Now, we have a snapshot of 2 different years next to each other, but what about creating a crude animation by controlling the the year displayed with a slider?

Create a slider using [this example](https://altair-viz.github.io/gallery/us_population_over_time.html) to help guide you.  Our plot will look similar, except we have not split our bar chart up by `sex` yet. Name the slider 'Select Year:' (this in controlled in `binding_range`, and not in the `selection_single` parameters).  

Encode membership of the Baby Boomer generation with color using "#7D3C98" (purple) for the boomers "#F4D03F" (gold) for other.

Start the slider at 1900.

In [11]:
domain = ['Baby Boomer', 'Other']
range = ['#7D3C98','#F4D03F']

slider = alt.binding_range(min=1900, max=2000, step=10, name='Select Year:')
select_year = alt.selection_single(name="Select", fields=['year'],
                                   bind=slider, init={'year': 1900})

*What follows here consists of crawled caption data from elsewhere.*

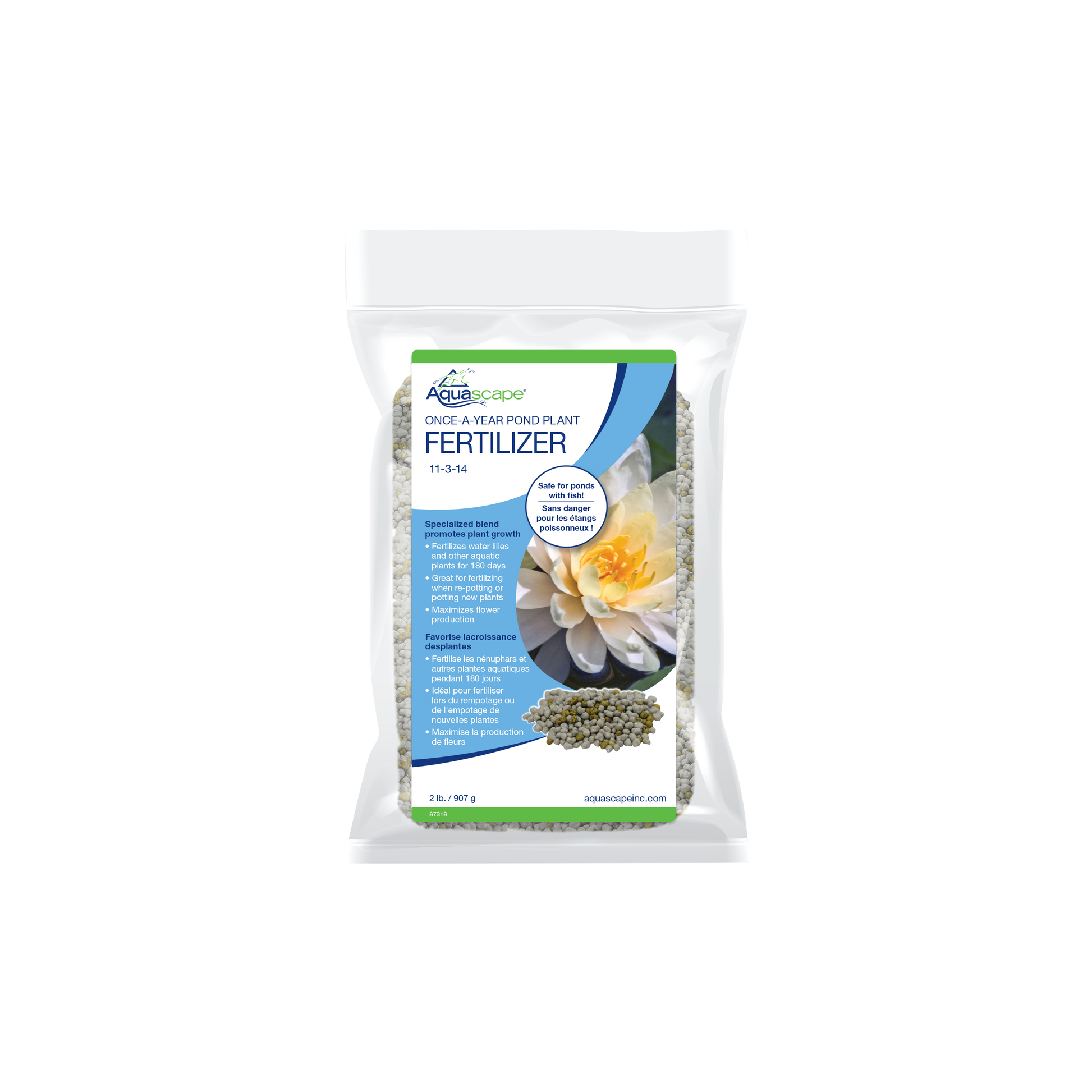 Aquascape ONCE-A-YEAR POND PLANT FERTILIZER - 2 LB / 907 G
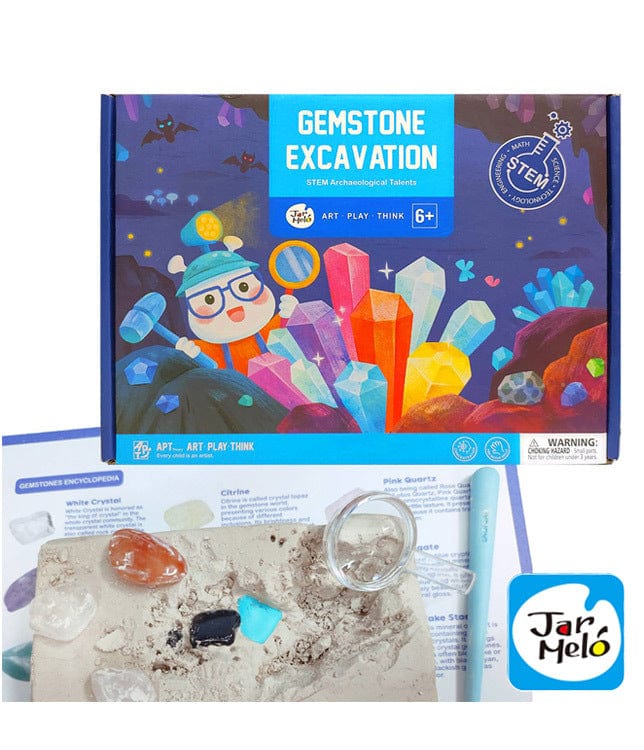 Excavation Kit - Gem Stones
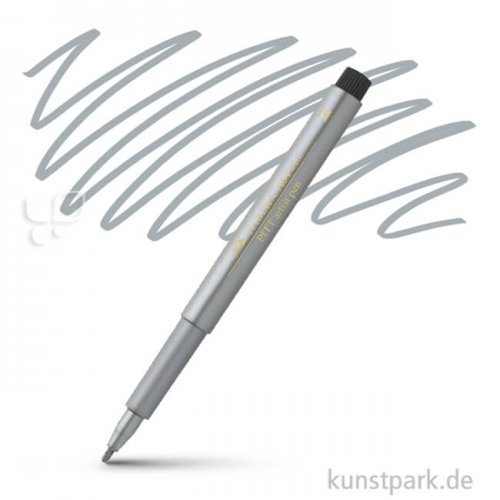 Faber-Castell PITT Artist Pen Metallic einzeln Stift | 251 Silber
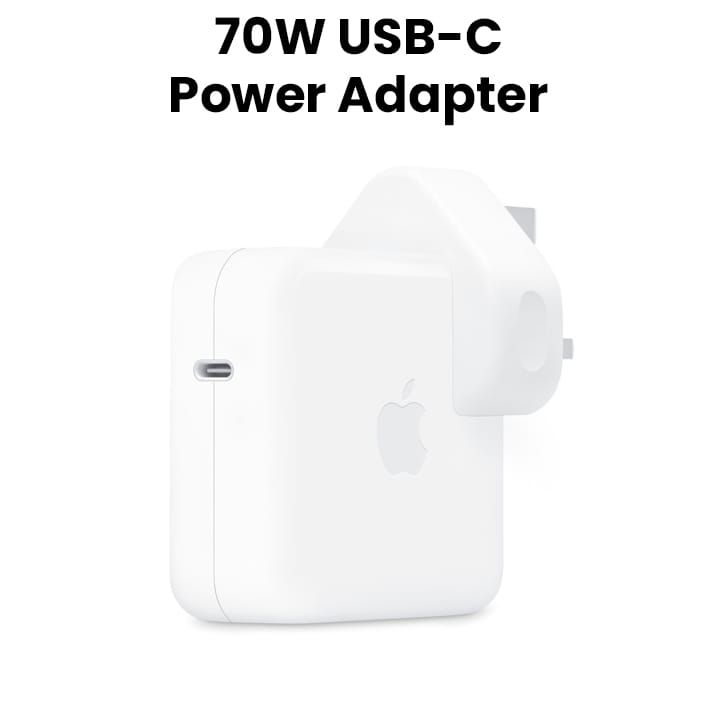 Buy Apple 70W USB-C Power Adapter (MQLN3B/A)|Jumbosouq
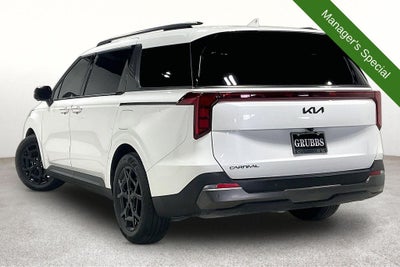 2025 Kia Carnival SX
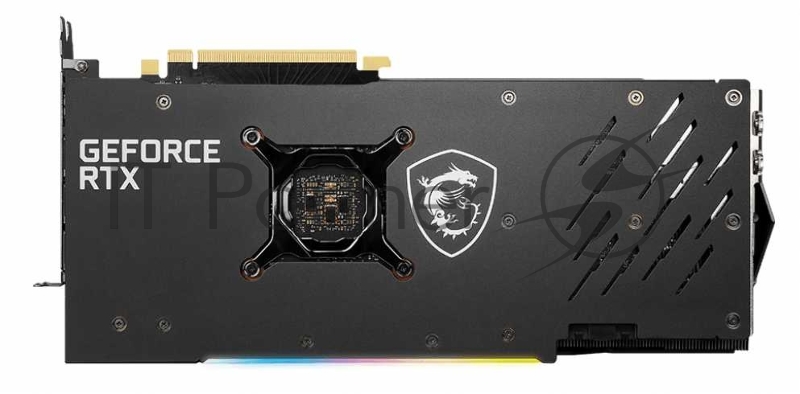 Видеокарта MSI PCI-E 4.0 RTX 3060 Ti GAMING Z TRIO 8G LHR NVIDIA GeForce RTX 3060Ti 8192Mb 256 GDDR6 1845/14000/HDMIx1/DPx3/HDCP Ret
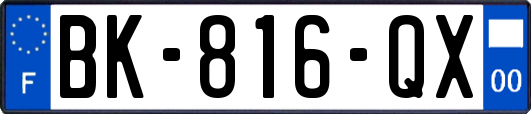 BK-816-QX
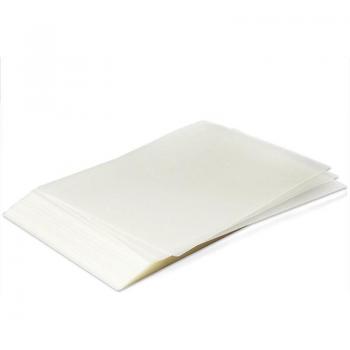 A4 Size Thermal Lamination Film, 70 Microns, PET/EVA Blend, Pack of 100 for Document Protection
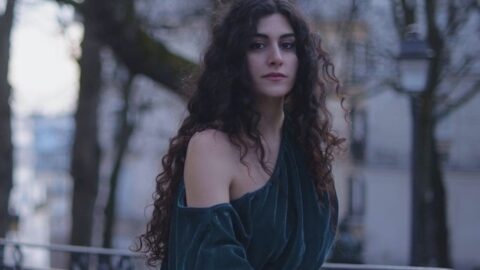 Layale Chaker--Photo by Anna Rakhvalova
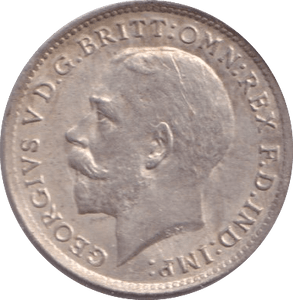 1919 THREEPENCE ( AUNC ) - Threepence - Cambridgeshire Coins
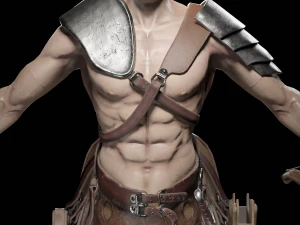Centaur Warrior 3D Model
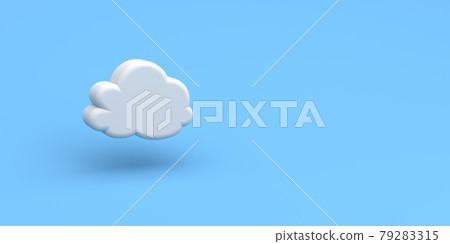 Cloud computing theme 79283315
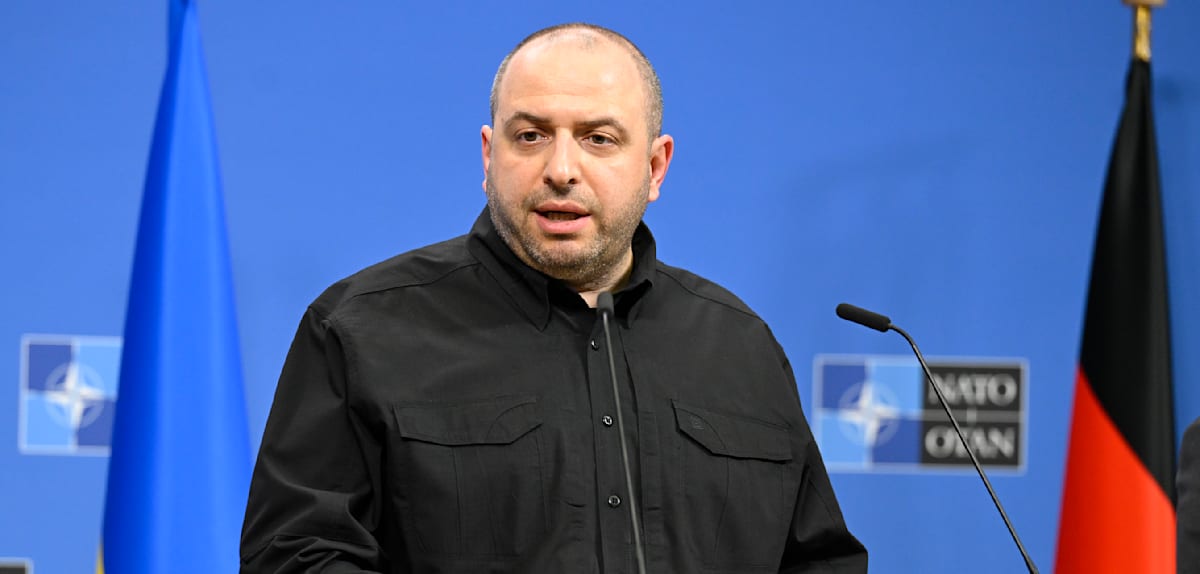Selenskyjs Chefverhandler bei neuen Ukraine-Gesprächen im Kanzleramt
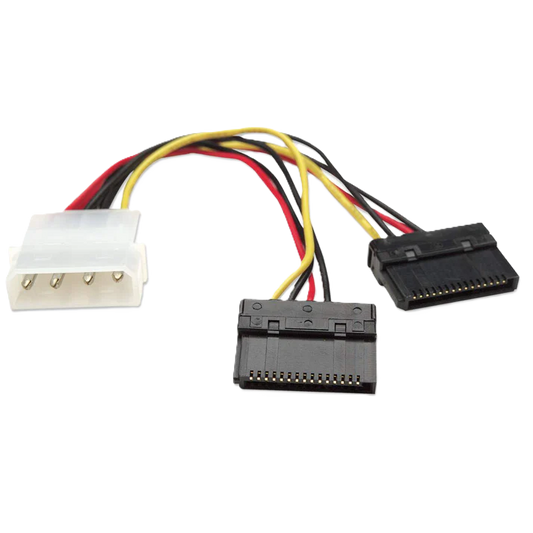 Cable Alimentacion,manhattan,349369,cable Corriente Int. Hdd Sata Doble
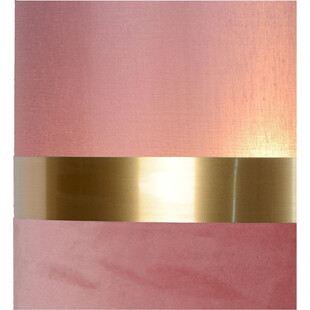 Lampa wisząca Extravaganza 30cm różowy / złoty Lucide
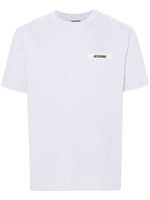 Jacquemus haut Le T-shirt Gros Grain - Gris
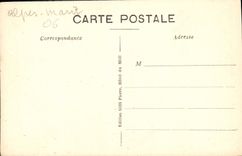 CPA Valle de la Vesubie Saul des Francois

base = alt.Chart(df_population).mark_bar().encode(
    x=alt.X('age:O',title='Age'),
    y=alt.Y("sum(people):Q", scale=alt.Scale(domain=[0,24000000]), title='Number of People'),
    color=alt.Color('generation', scale=alt.Scale(domain=domain, range=range)),
).properties(title='Population Distribution by Age in the USA'
).add_selection(
    select_year
).transform_filter(
    select_year
).configure_facet(
    spacing=8
)

base

## ✅Q6 - Linking

Let's take a closer look at just the year 2000 data, and find what the distribution of sex is for each individual age grouping.  Plot the distribution of ages as a bar chart for just the year 2000, and link a histogram that will plot the distribution of sex for the current selection.  It should default to no age group selected.  The histogram for the sex distribution should appear below the year 2000 data (vertically concatenated). When a bar on the top chart is selected, indicate its selection by turning the other bars light gray.  The histogram of the sex distribution below it should be a horizontal bar chart. 

Encode membership of the Baby Boomer generation with color using "#7D3C98" (purple) for the boomers "#F4D03F" (gold) for other.

In [12]:
domain = ['Baby Boomer','Other']
range = ['#7D3C98','#F4D03F']


click = alt.selection_multi(encodings=['color'], fields=['age'])

base = alt.Chart(df_population[(df_population['year'] == 2000)]).mark_bar().encode(
    x=alt.X('age:O',title='Age'),
    y=alt.Y("sum(people):Q", scale=alt.Scale(domain=[0,24000000]), title='Number of People'),
    #color=alt.Color('generation',scale=alt.Scale(domain=domain, range=range))
    #color=alt.condition(click, 'generation', alt.value('lightgray'))
    color=alt.condition(click,'generation',
                        alt.value('lightgray'),
                        scale=alt.Scale(domain=domain, range=range))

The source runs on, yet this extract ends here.